Après les événements du 14 mars de Lhassa, quand certains médias en Occident ont condamné la Chine d'une seule voix, en se basant en partie sur une connaissance partielle de l'histoire, ainsi que des images tronquées, déplacées dans le temps ou publiées avec une fausse légende, les étudiants chinois séjournant en Occident ainsi que toute la diaspora chinoise ont immédiatement réagi. A part leur amour pour la Chine, ils possèdent un sens critique aiguisé contre les médias qui tentent de déformer la réalité par des méthodes peu professionnelles, voire indignes et inadmissibles du journalisme. Ayant vécu des années en Chine et habitant actuellement en Occident, ces jeunes Chinois ont été entièrement désavoués et profondément déçus par les médias occidentaux. Leur rêve de la liberté d’expression et de la démocratie à l’occidentale a été complètement brisé. La crédibilité des médias occidentaux a été réduite à néant.
N’oublions pas que l'avenir de la Chine est aux mains de ces mêmes Chinois. Aujourd’hui, face aux faits vus de leurs propres yeux, ils ont pris conscience que l’Occident n’est pas ce qu’ils avaient imaginé auparavant. Une nouvelle conception est née à travers ce conflit, ce choc direct dont ils sont témoins, auquel ils ont participé en personne. Il s’agit d’une nouvelle génération chinoise, qui aura plus de sens de critique aussi bien envers leur propre gouvernement qu'envers l’Occident. Ils sont convaincus qu'avec le temps, d’ici peut-être encore une ou deux générations, ils réussiront à trouver et à bâtir un modèle de démocratie, y compris une liberté d’expression, qui soit adapté à la Chine, au lieu de reproduire en Chine un modèle occidental.
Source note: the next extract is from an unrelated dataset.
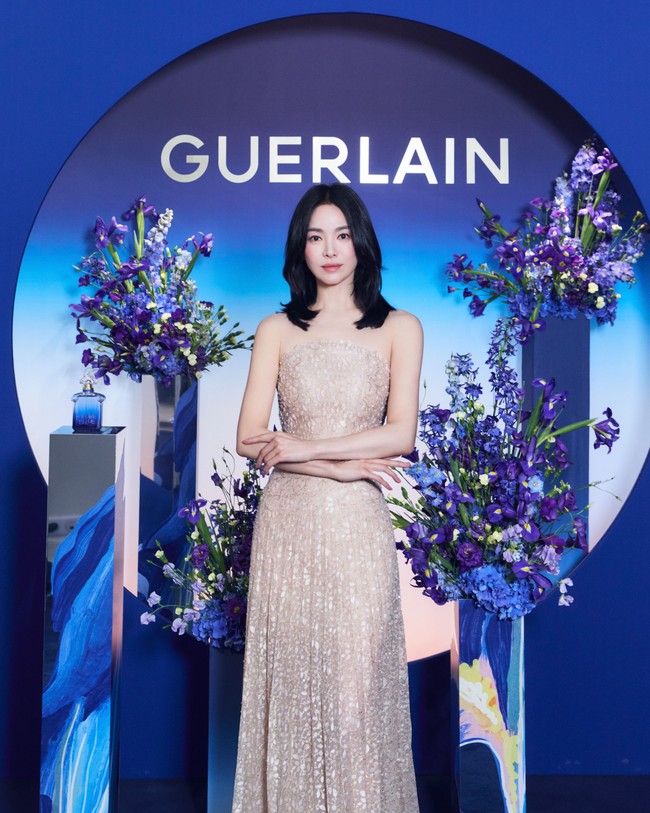 Song Hye Kyo menyita perhatian dengan kehadirannya di Paris sebagai global ambassador Guerlain. Foto: dok. Instagram Guerlain
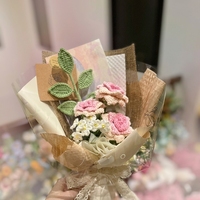 Buket Bunga Rajut Tangan Mawar Kuning Benang Rajut Bunga Buatan Buket Bunga Tangan untuk Hadiah Valentine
En fin de compte, en voyant aujourd’hui les jeunes Chinois séjournant en Occident engagés dans un tel bras de fer avec certains médias occidentaux, je me demanderais s'il n'était pas temps que ces derniers évoluent pour adapter l'image qu'ils donnent de la Chine à la réalité actuelle, et présentent une vue plus équilibrée, ne serait-ce que dans l'intérêt du grand public en Occident, y compris cette mère et sa fille se trouvant à Paris, ce jour-là.